**RECORDS SUPPLIED**.

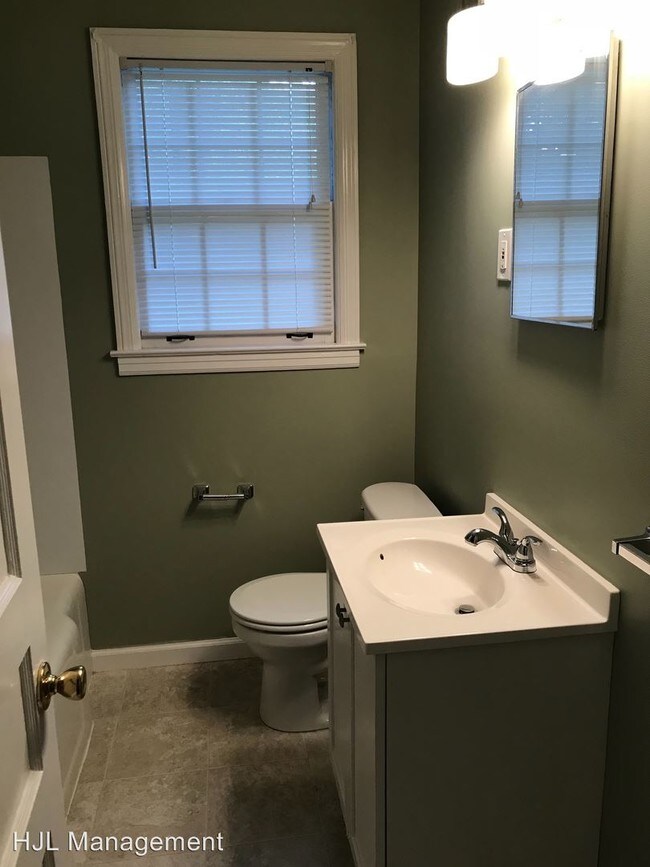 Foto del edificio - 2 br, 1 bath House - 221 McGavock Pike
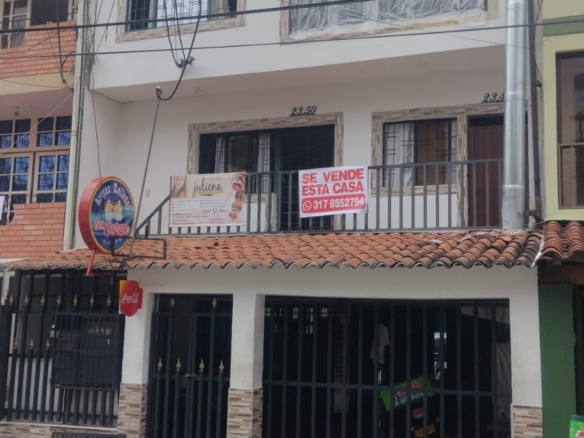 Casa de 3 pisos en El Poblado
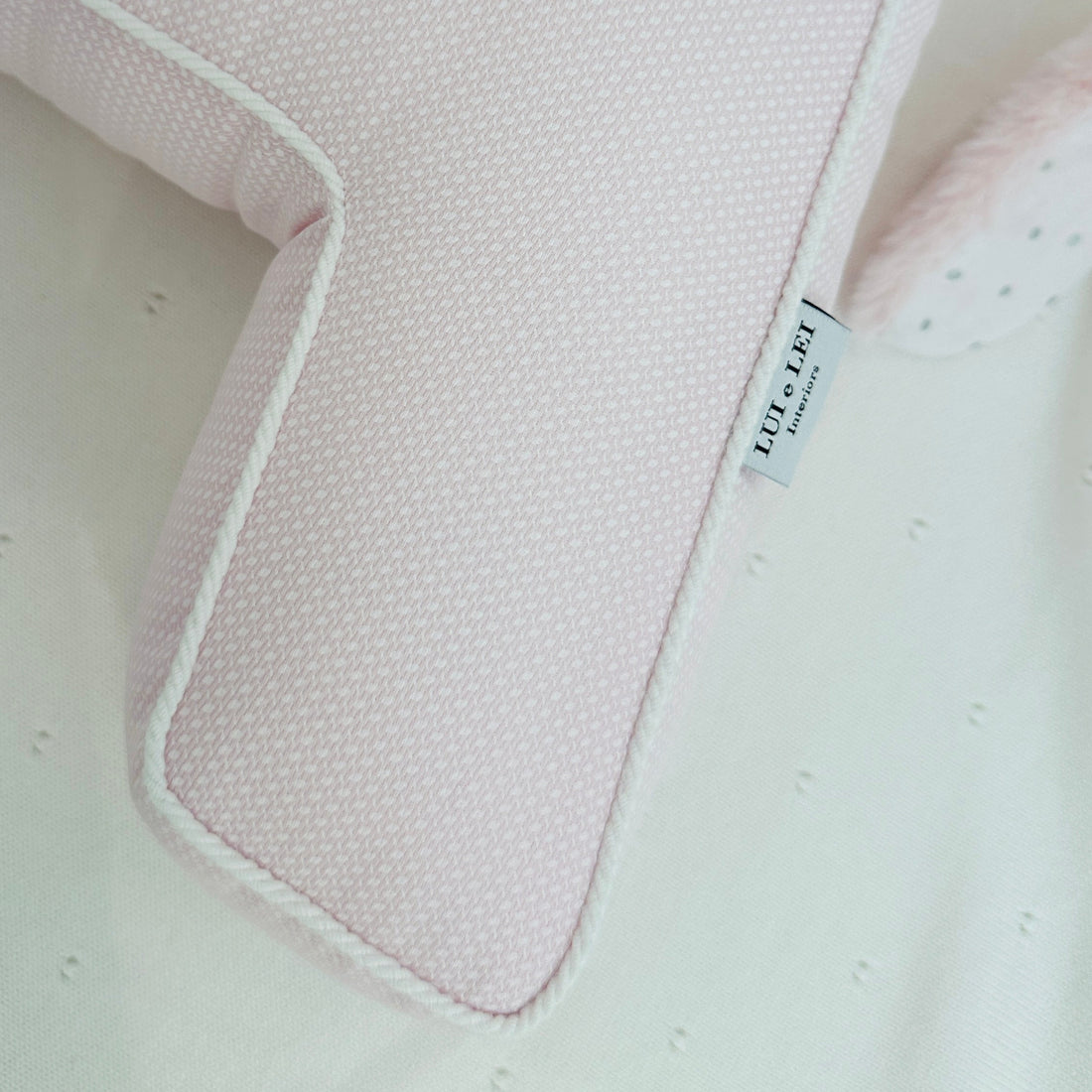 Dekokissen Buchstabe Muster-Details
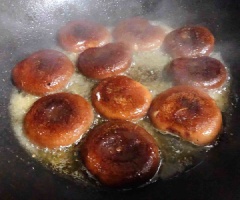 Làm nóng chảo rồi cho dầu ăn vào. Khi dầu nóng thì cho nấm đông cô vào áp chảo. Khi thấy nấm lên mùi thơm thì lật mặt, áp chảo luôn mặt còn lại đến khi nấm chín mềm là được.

---

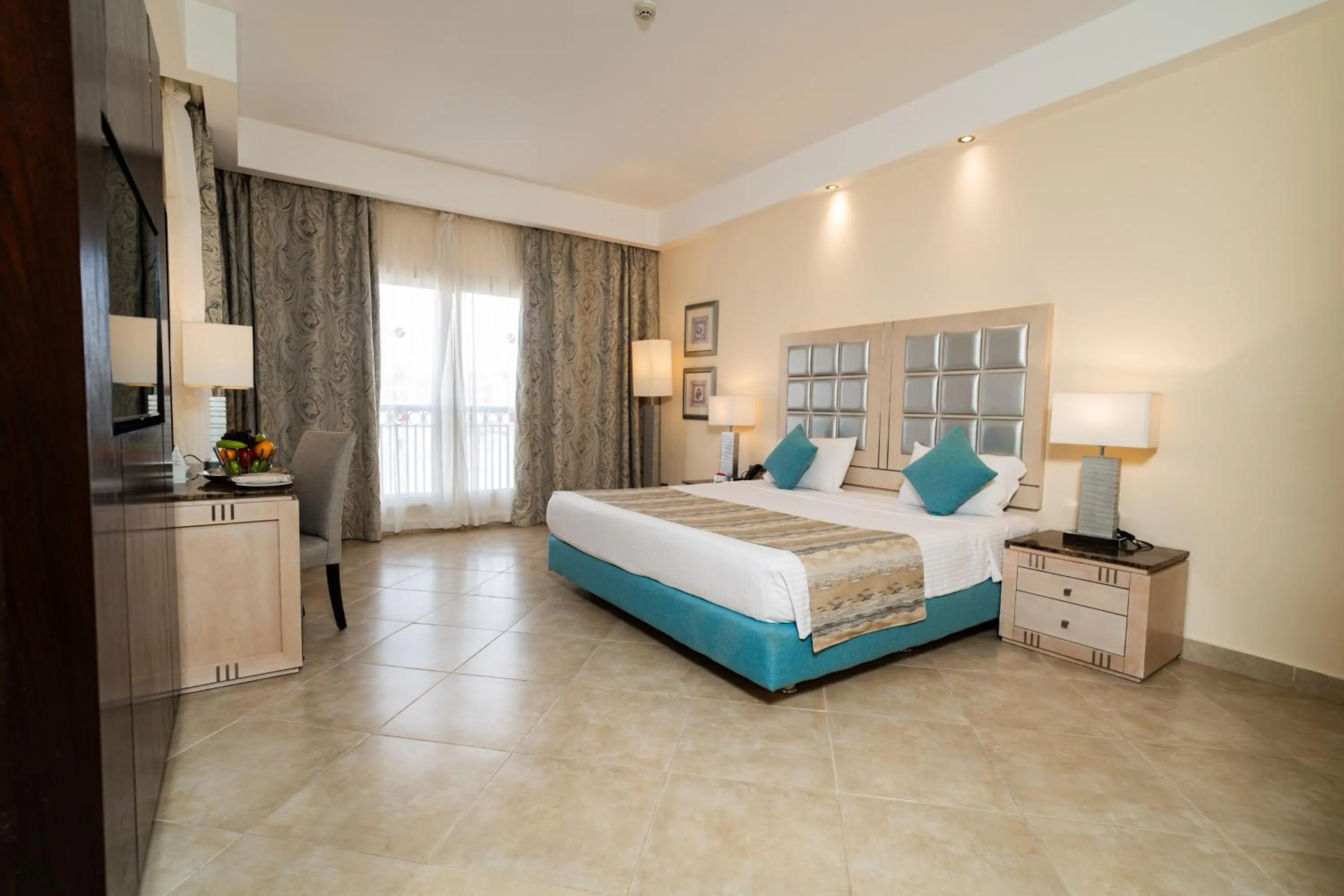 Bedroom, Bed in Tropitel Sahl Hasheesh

**WHAT TO DO**. Pictures in the entries do not go into the copy. Print only the lines starting at the one containing "Foto del edificio" and ending at the one containing "Làm nóng chảo", exactly as they appear.

**TASK RESPONSE**.
 Foto del edificio - 2 br, 1 bath House - 221 McGavock Pike
 Casa de 3 pisos en El Poblado
 Dekokissen Buchstabe Muster-Details
 Làm nóng chảo rồi cho dầu ăn vào. Khi dầu nóng thì cho nấm đông cô vào áp chảo. Khi thấy nấm lên mùi thơm thì lật mặt, áp chảo luôn mặt còn lại đến khi nấm chín mềm là được.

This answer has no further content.